Será que vale a pena tentar mantê-los no padrão de sempre – medalhão estrangeiro na conferência de abertura, sacolinha ecológica com livro de resumo e canetinha, coffee break com pão de queijo para que a fome não acirre os ânimos e faça as discussões desandarem?
Sem apoio, o “padrão de sempre” significa taxas de inscrição batendo nos mil reais.
O financiamento não vem pelo outro lado, já que os programas de pós-graduação também estão com suas verbas estranguladas. De qualquer jeito, mesmo que eles financiassem as participações, a taxa de inscrição estratosférica significaria mais uma vantagem para os programas consolidados e portanto melhor financiados, em geral no Sudeste do país, em detrimento das periferias.
Wikimedia Commons
Fachada da Universidade Federal do Rio de Janeiro
E agora, aliás, nem isso: a inacreditável portaria do ministro da “Educassão” proíbe a participação de múltiplos docentes da mesma instituição num mesmo evento.

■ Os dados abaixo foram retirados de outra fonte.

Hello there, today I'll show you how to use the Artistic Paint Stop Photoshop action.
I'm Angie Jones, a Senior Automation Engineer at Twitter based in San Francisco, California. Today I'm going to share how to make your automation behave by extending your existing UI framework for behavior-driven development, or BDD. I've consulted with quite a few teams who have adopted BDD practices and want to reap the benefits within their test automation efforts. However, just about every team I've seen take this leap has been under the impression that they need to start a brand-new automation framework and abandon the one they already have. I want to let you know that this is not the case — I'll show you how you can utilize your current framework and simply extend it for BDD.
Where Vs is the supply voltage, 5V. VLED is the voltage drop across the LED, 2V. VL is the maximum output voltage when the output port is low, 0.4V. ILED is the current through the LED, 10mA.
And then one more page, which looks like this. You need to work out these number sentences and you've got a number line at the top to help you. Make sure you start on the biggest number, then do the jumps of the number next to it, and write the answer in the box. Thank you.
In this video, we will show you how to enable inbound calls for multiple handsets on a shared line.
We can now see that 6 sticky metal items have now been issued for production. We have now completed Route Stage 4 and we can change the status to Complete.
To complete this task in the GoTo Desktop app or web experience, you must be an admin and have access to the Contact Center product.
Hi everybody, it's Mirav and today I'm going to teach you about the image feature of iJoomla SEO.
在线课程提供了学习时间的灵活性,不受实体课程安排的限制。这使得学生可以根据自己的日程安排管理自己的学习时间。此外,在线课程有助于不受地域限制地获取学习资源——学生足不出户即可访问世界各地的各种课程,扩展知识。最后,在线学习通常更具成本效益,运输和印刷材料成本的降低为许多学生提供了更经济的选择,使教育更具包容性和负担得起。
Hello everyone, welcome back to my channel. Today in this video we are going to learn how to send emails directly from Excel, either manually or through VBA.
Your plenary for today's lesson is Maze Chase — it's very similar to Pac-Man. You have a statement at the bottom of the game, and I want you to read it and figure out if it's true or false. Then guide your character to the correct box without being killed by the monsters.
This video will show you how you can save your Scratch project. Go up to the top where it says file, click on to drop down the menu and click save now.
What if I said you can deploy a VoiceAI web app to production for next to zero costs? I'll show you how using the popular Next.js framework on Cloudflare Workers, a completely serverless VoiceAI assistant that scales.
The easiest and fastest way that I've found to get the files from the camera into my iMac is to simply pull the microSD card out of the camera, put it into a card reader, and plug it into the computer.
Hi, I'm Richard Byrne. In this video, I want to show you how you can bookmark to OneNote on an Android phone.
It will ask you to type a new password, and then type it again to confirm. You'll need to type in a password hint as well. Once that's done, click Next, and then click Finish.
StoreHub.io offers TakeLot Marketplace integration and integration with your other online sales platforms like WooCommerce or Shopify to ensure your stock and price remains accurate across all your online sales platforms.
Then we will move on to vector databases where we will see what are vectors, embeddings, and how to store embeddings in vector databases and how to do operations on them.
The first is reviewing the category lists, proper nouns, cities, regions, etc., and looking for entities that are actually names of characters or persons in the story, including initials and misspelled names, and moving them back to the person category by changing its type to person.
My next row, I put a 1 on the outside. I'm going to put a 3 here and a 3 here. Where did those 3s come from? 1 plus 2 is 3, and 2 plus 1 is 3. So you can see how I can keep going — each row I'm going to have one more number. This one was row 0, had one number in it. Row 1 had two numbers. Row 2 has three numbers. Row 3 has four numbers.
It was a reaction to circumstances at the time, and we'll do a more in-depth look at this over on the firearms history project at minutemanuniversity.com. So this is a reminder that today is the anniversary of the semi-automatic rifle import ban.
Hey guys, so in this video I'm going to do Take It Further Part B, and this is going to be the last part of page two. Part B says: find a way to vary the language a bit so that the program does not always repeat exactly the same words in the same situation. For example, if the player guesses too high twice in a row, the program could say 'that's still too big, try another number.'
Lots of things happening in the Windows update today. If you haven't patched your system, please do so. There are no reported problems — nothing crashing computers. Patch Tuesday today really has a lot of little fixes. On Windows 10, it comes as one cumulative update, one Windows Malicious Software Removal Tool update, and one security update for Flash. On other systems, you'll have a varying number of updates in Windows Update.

Ingênuo, pensei no começo que era uma demonstração de ignorância sobre o sentido de um evento científico – que não é para discutir com os pares, mas para fazer representação institucional. Ou, no máximo, uma feira de ciências.
Claro que não é isso. É que no projeto de país de Guedes e Bolsonaro a pesquisa é inútil (pois nosso papel no mundo é subordinado mesmo), quando não perigosa.
Não seria melhor adaptar os eventos à nova realidade – abraçar a precariedade, em vez de escamoteá-la, e usá-la como estímulo para nosso debate e nossa resistência?
Ou mesmo cancelar, como manifestação de protesto, aquilo que não tem como ser mantido?
Com as revistas científicas, o movimento de acomodação é pior ainda. Com o corte profundo no financiamento, que aliás sempre foi insuficiente, começa um movimento para cobrar dos autores pela publicação.
Alguns periódicos já estão implantando a medida. Outro dia recebi um pedido de parecer. Fui olhar as regras de submissão, como sempre faço antes de emitir um parecer, e estava lá: caso o artigo seja aprovado, há taxa de mil reais para a publicação.
Sei de outros periódicos que estão discutindo a cobrança.
Quem vai publicar, então? O pesquisador vinculado a um programa forte, que ainda tenha recursos para bancar a taxa de publicação, reforçando as disparidades regionais. O pesquisador sênior que ainda consiga alavancar um dos poucos financiamentos de pesquisa disponíveis. E, claro, um ou outro filhinho de papai, que pague do próprio bolso.
Essa é a ciência que nos queremos?
Seria melhor aproveitar para mandar as exigências do Qualis e do Scielo praquele lugar e buscar formas alternativas de publicização das pesquisas.
Contratações suspensas, dinheiro minguando, desrespeito às instâncias democráticas, portarias restritivas absurdas, ofensas públicas permanentes e perseguição ideológica. O que falta, neste pacote, para que se assuma de vez que não, não está tudo bem?